**Problem statement:**
Retype all of the listing exactly, passing over any picture you find.

**Given data:**
────
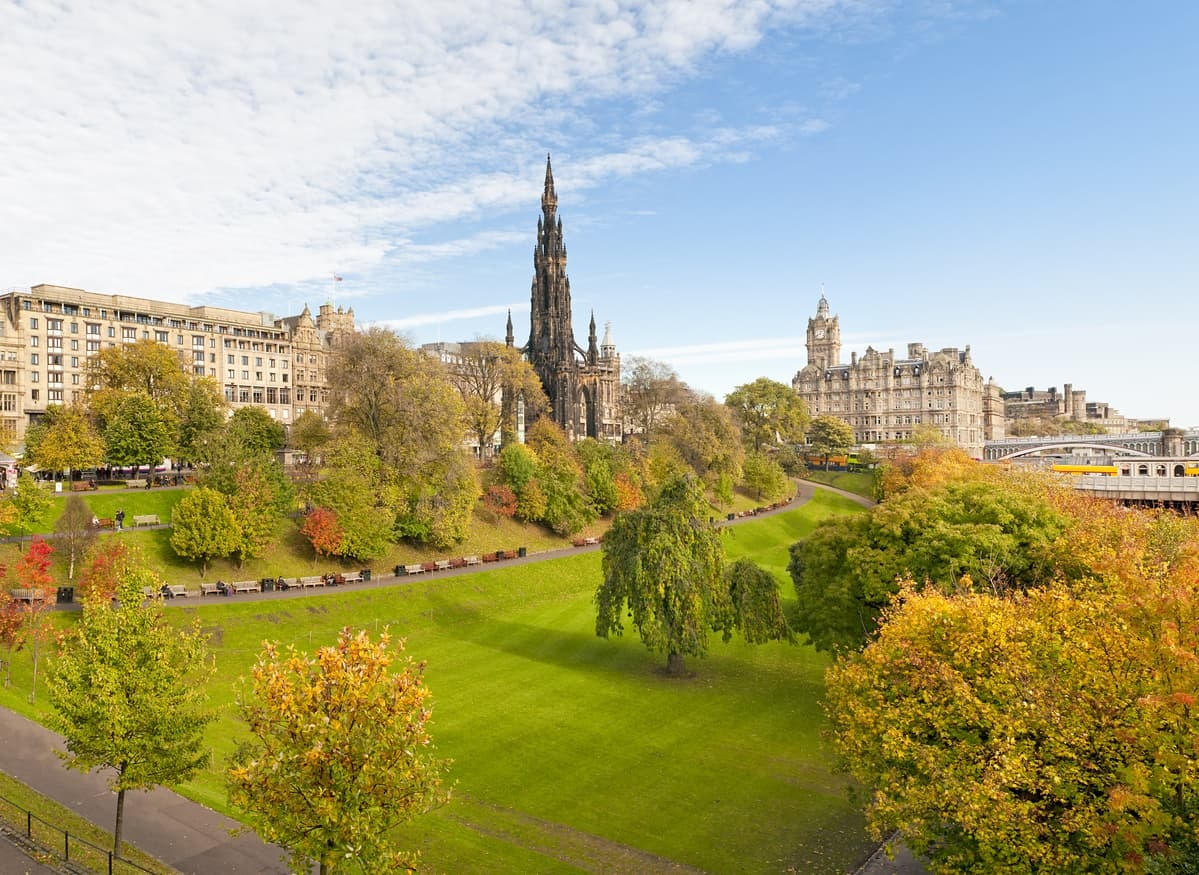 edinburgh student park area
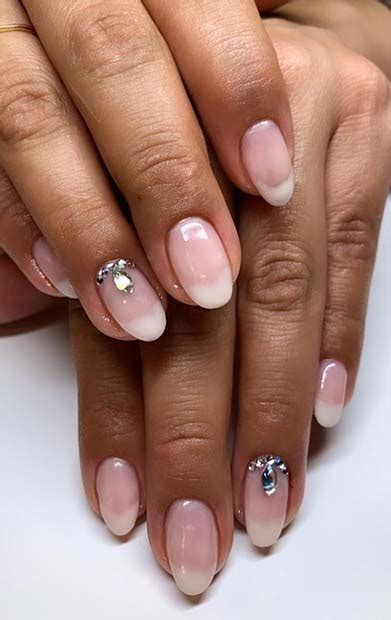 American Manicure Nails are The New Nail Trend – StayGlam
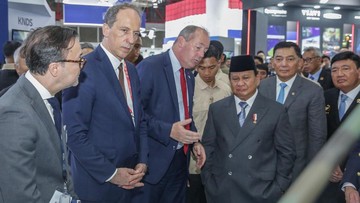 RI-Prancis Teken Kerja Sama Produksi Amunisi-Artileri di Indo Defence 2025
────
**Expected answer:**
 edinburgh student park area
 American Manicure Nails are The New Nail Trend – StayGlam
 RI-Prancis Teken Kerja Sama Produksi Amunisi-Artileri di Indo Defence 2025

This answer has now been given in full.